That is, once the user 108 has selected a particular candidate for
inclusion in the document, that particular candidate becomes a
portion of the document. The context of the updated document, which
now includes the selected candidate, can then be determined and
utilized for determining one or more candidates for a further input
by the user 108.
[0043] Referring now to FIG. 4, an example technique 400 for
assisting a user 108 in providing text input to a computing device
100 is illustrated. While described as being performed by the
computing device 100, it should be appreciated that the operations
can be performed by one or more specific components of the
computing device 100 (such as the processor 200 or the
communication device 204), the computing device 160 or 180 and/or
specific components thereof, or a combination of these elements.
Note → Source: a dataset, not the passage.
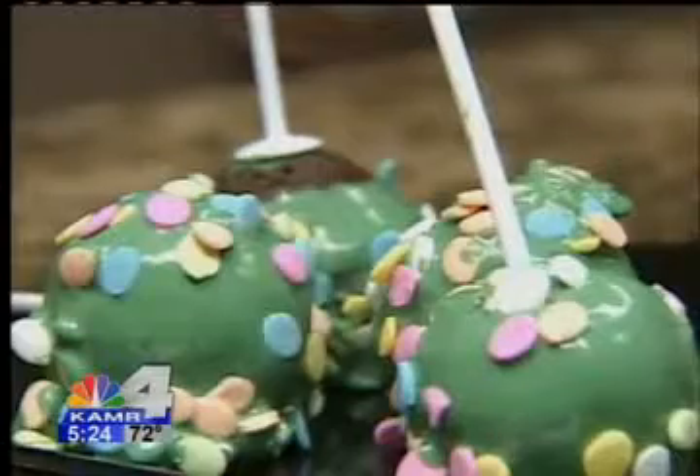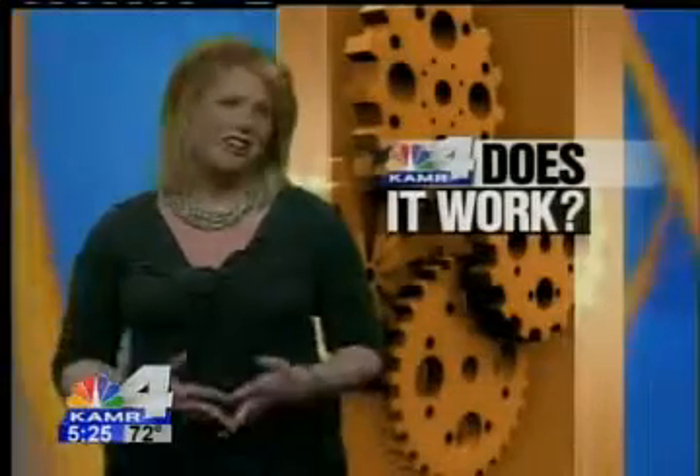And after all that work, this is what I got. There's an economic theory called opportunity cost — it's defined as the cost of any activity measured in terms of the value of the next best alternative. I'm going to apply that theory here. Seriously, go visit one of the lovely bakeries about town and purchase one of these. It's easier, and in total, I spent nearly $40 on this test after the sprinkles, the candy coating, etc. So, while it works, I do not think it's worth it.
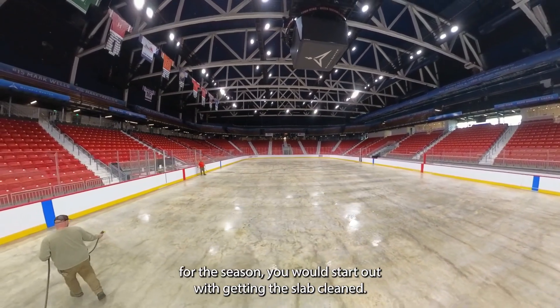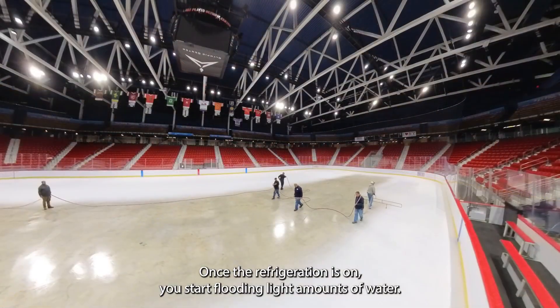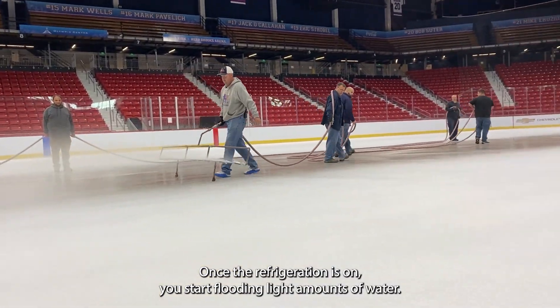Typically when you start up a rink for the season, you would start out with getting the slab cleaned. Once the refrigeration is on, you start flooding light amounts of water.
Further, the technique 400 can be implemented by a computer system
that includes: (i) one or more processors, and (ii) a
non-transitory, computer readable medium storing instructions that,
when executed by the one or more processors, cause the computer
system to perform the operations of the technique 400.
[0044] At 404, the computing device 100 receives an input from the
user 108. The input can include one or more characters in a first
script that is representative of text in a particular language.
Further, the input can be received in association with a document
that is being created/edited by the user 108. At 408, the computing
device 100 can determine a context of the input based on one or
more semantic topics of the document associated with the input. A
context model 212 can be utilized to determine the context of the
input from the document (e.g., the text of the document) in any of
the manners described above.
[0045] One or more candidates for the input can be determined at
412. The one or more candidates can be determined based on (i) the
input, (ii) the context of the input, and (iii) a language model
208. As described above, the language model 208 can express a
probability of occurrence of the one or more candidates in the
particular language. The candidates can include one or more
characters in a second script representative of the text in the
particular language. In the situation where the computing device
100 is providing autocorrect and/or autocomplete functionality, the
first and second scripts can be identical. In the situation where
the computing device 100 is providing an IME functionality (alone
or in combination with autocorrect and/or autocomplete), the first
and second scripts can be different. For example only, the user 108
may provide the input in the Latin alphabet to input Chinese text
in Hanzi characters utilizing a Pinyin IME.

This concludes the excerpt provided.